Task requirements » Transcribe the data below verbatim from the line with "עיצוב פלקן ABS" to the line with "Sandale Pantofi Piele". Include both of those lines.
=== Task data ===
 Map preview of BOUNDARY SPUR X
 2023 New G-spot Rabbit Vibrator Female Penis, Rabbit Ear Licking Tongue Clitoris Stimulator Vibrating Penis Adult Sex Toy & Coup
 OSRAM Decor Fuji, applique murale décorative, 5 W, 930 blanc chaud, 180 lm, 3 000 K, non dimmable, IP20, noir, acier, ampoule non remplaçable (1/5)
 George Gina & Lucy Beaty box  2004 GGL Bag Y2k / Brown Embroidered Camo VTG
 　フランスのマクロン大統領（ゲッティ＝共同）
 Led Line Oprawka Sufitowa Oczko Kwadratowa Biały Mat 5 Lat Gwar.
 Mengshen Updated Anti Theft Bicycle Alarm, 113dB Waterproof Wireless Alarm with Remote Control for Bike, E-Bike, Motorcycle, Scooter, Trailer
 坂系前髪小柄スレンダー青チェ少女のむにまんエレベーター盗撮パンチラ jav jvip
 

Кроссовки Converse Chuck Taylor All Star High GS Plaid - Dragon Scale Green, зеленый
===
=== Task data ===
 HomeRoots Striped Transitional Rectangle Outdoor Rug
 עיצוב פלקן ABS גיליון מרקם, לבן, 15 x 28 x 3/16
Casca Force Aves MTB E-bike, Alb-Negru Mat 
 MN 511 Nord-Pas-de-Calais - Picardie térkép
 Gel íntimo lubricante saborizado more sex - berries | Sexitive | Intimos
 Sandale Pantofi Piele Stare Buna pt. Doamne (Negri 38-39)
===
Task solution »
 עיצוב פלקן ABS גיליון מרקם, לבן, 15 x 28 x 3/16
Casca Force Aves MTB E-bike, Alb-Negru Mat 
 MN 511 Nord-Pas-de-Calais - Picardie térkép
 Gel íntimo lubricante saborizado more sex - berries | Sexitive | Intimos
 Sandale Pantofi Piele Stare Buna pt. Doamne (Negri 38-39)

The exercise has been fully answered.